Similarly, several characters in the novel remark on Arent’s goodness. Sammy believes that he is “actually an honorable man. Probably the only one [he’d] ever met” (476), while Sara falls in love with Arent for his good deeds. As Sammy and Creesjie try to justify their actions on the Saardam, Arent is adamant that the price they paid for revenge was not worth it. As such, Arent becomes another model of good in the novel, recognizing evil for what it is and refusing to succumb to it. However, in the last lines of the text, even this characterization of Arent is turned on its head. As Sara proposes that the five of them group together to continue the Old Tom myth and bring down more powerful men, Arent agrees with her and tries to convince Sammy to join them. This change within Arent reflects the dichotomy that exists even within him. Having lost his naïve belief in unalloyed good, he readily agrees that good ends can justify unethical means.
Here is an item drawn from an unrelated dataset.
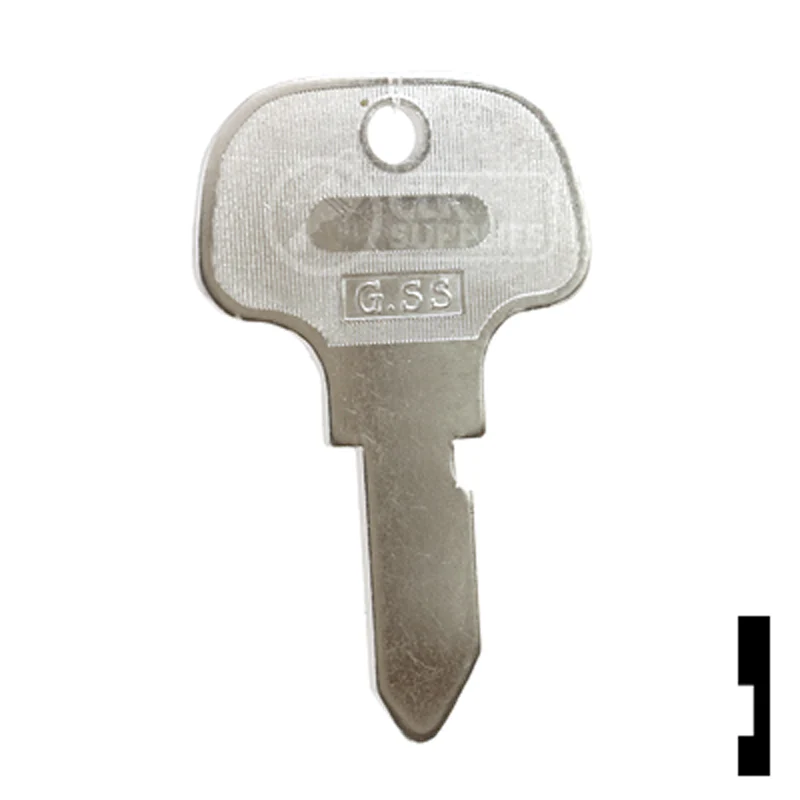 Uncut Key Blank | Kubota | BD114 - Image 15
Each of these characters—Haan, Sammy, and Arent—is presented as complicated, with elements of both good and evil within them. Contrary to Arent’s worldview, no one in the novel is strictly good or strictly evil. Human character is always ethically muddled. Some characters commit both good and evil acts, while others seek to justify their evil actions by pointing to their morally desirable results.

Corporate Power as an Engine of Corruption

Throughout The Devil and the Dark Water, one important antagonist is the United East India Company and its subsidiaries and representatives. Through Haan, Vos, Drecht, and the mercenaries, the greed of the Company and its lack of interest in human life becomes clear: The Company invariably values profit over people. As Turton writes, “[P]rofit went before every other consideration. It wouldn’t matter if the ship made it back to Amsterdam if the cargo had spoiled or if the trade at the Cape had been handled badly. The Saardam could drift into port full of bodies and the Gentlemen 17 would still call it a success as long as the spices weren’t damp (30). While this may seem like an exaggeration, it becomes clear throughout the novel just how true this sentiment is. After Arent uses a barrel of ale to end Bosey’s suffering, he is then given a bill from von Schooten for using the Company’s ale—with no regard for the person he saved from an agonizing death. Additionally, as Old Tom and a storm ravage the ship, Haan insists that the journey continue, with no regard for the potential threats around them. Haan becomes the embodiment of the Company, as he uses Old Tom to put his competitors out of business and gain wealth in his pursuit to join the Gentlemen 17. As he explains to Sara, “God laid no grand plans for my future, so I wrote them myself with the devil that was to hand. You’ll not shame me, Sara. And you’ll find no regret” (239). Haan grabs onto whatever he can, and sacrifices whoever he needs to, in order to gain a part of the wealth and power that the company holds. Arent—the closest representation to pure “good” in the novel—possesses the clearest understanding of how the company’s hegemonic power lures individuals into unethical and even evil behavior. He explains that,


In the United East India Company, he saw the devil’s hands at work, caging humanity with want, persuading them to buy their manacles new every month. Arent hated his father, but he’d ended up half agreeing with the mad old bastard. He’d seen farmers work themselves to death in the fields, because they were paid a pittance for what they produced. Those who refused were forced. Those who stood in the way were murdered, because progress demanded sacrifice (244-45).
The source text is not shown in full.